Mahaza, semâ kelimesinin yukarıda bulunan herşeye ıtlak edilebildiğine binaen, buluta da semâ denilebilir. Ve bulut da semâ kelimesinin şumulüne dahildir. Bu makamın tahkiki şöyle izah edilebilir:
Eğer kudret-i İlâhiyenin azametine bakılırsa, cihetler hep birdir. Hangi cihetten ve hangi şeyden olursa olsun, yağmurun yağması mümkündür. Eğer hikmet-i İlâhiyeye bakılırsa, yağmurun nüzulü, ancak küre-i havaiyede münteşir ve küre-i havaiyenin onda bir cüz'ünü teşkil eden buhar-ı mâinin tekâsüfünden husule geliyor. Zira, hikmet-i İlahiye, bütün eşyada en güzel bir nizam teşkil etmiştir. Bu nizam eşyadaki muvazene-i umumiyenin muhafazasına hizmet eder. Bu muvazenenin muhafazası da en yakın ve en kolay ve en kısa yolları tercih etmekle olur.

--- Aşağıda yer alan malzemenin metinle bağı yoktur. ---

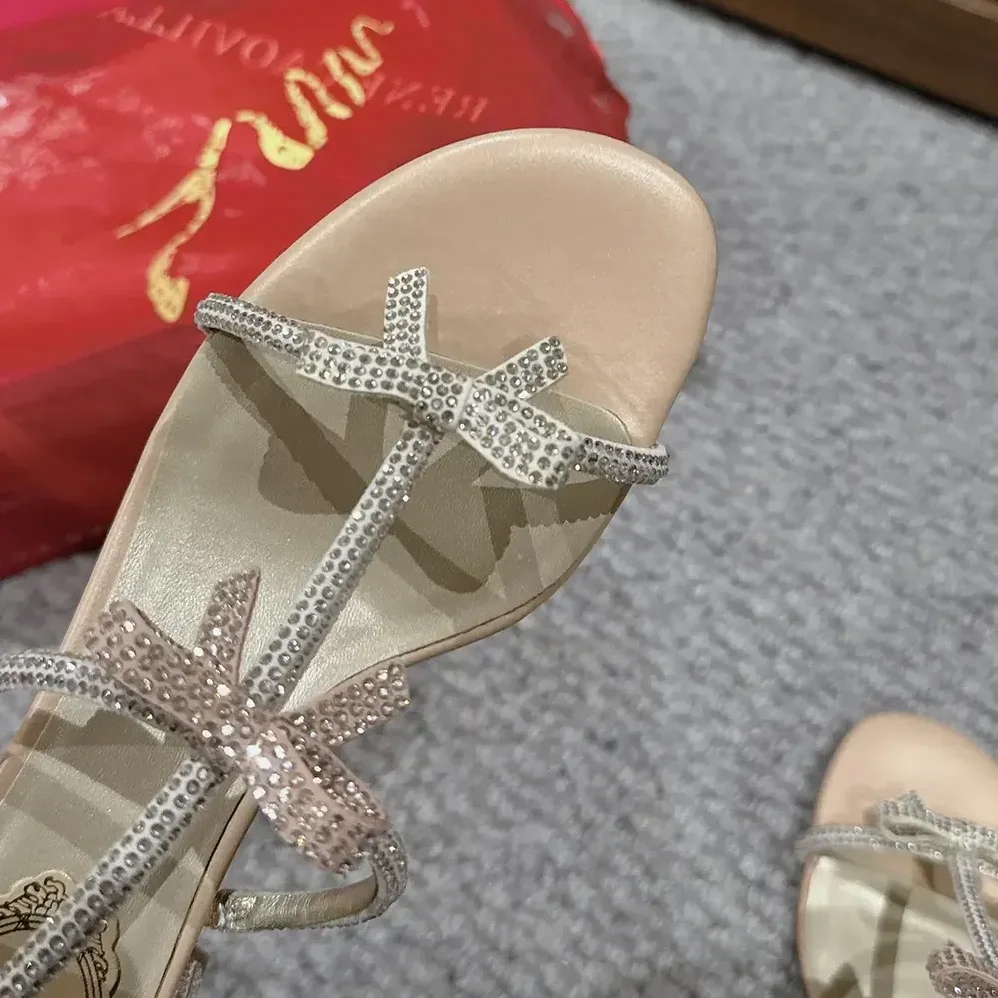 Rene Caovilla Sandals with Ankle Laces Caterina for Women Rene Caovilla Sandals with Ankle Laces Caterina for Women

Yağmur yağması hakkında en kısa yol şöyle tarif edilebilir:
Tabaka-i havaiyede münteşir buhar-ı mâinin zerrelerine irade-i İlâhiye emrettiği vakit, o zerreler her taraftan "Lebbeyk!" diyerek toplanmaya başlarlar ve bulut şeklini alıp, irade-i İlâhiyeye emirber olarak hazır dururlar. Yine irade-i İlâhiyenin emriyle bir kısım zerreler şiddet-i tazyik ve tekâsüfle beraber tebarüd ederek katrelere inkılâp ederler. Sonra kanunların mümessilleri ve nizamatın mâkesleri denilen melâikelerden, o katrelere münasip yaratılan melâikeler vasıtasıyla o katreler müzahametsiz, müsademesiz nüzul ederler ve yere düşerler. Lâkin cevv-i havada muvazenenin muhafazası için, yağan katrelerden boş kalan yerler, denizlerden ve yerlerden kalkan buharlarla doldurulur.

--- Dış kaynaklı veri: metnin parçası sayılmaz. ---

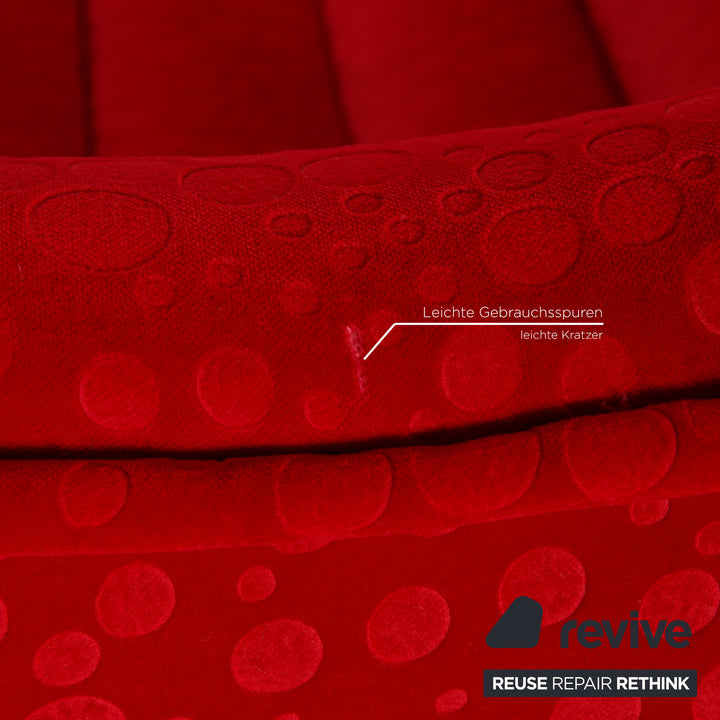 Bretz Laola Hookipa Fabric Sofa Red Two Seater Couch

İhtar: Semâda büyük bir denizin bulunduğuna edilen zehab, mecazın hakikat zannedildiğinden ileri gelmiştir. Evet, cevv-i hava, denizin rengini andırır ve küre-i havaiyede münteşir bahr-i muhitten fazla su vardır. Binaenaleyh cevv-i havayı denize teşbih etmek baid değildir. Fakat mânâ-yı hakikî ile bakılırsa hatâdır.